ASSIGNED TASK:
Copy exactly, beginning with the line holding "Golden hour en" and ending with the final line of the data beneath this task; copy nothing else, and leave out every picture.

(AVAILABLE DATA Opens)

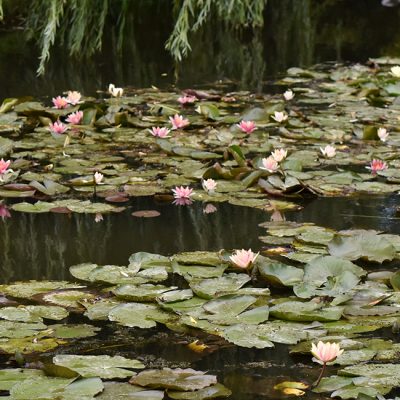 Chez Monet, à Giverny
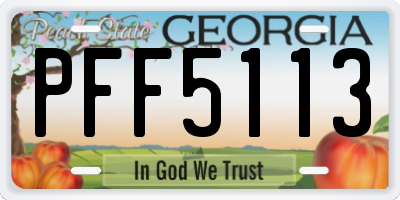 GA license plate PFF5113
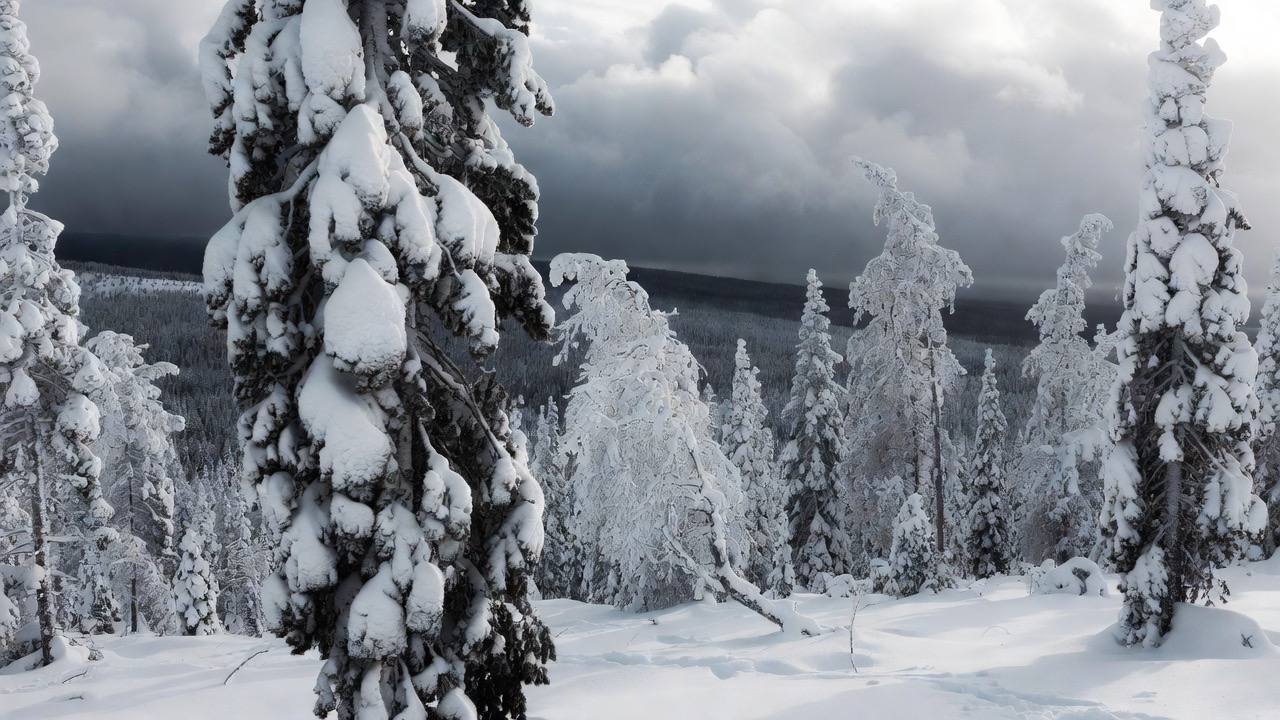 Golden hour en kayak : 3 baies du Réservoir Poisson Blanc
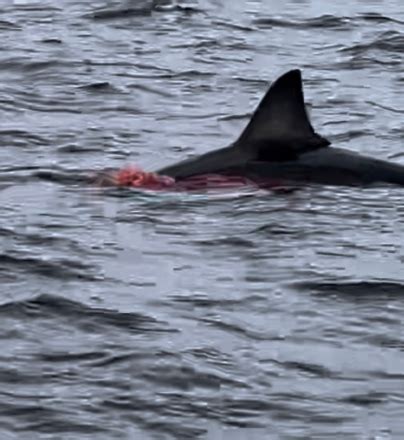 First Cape Cod shark sighting of the season as great white chomps on seal: ‘Graphic content warning’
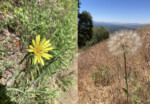 The Yellow Salsify, like a supersized dandelion. Photo by Tom Jow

(AVAILABLE DATA Closes)

TASK RESPONSE:
 Golden hour en kayak : 3 baies du Réservoir Poisson Blanc
 First Cape Cod shark sighting of the season as great white chomps on seal: ‘Graphic content warning’
 The Yellow Salsify, like a supersized dandelion. Photo by Tom Jow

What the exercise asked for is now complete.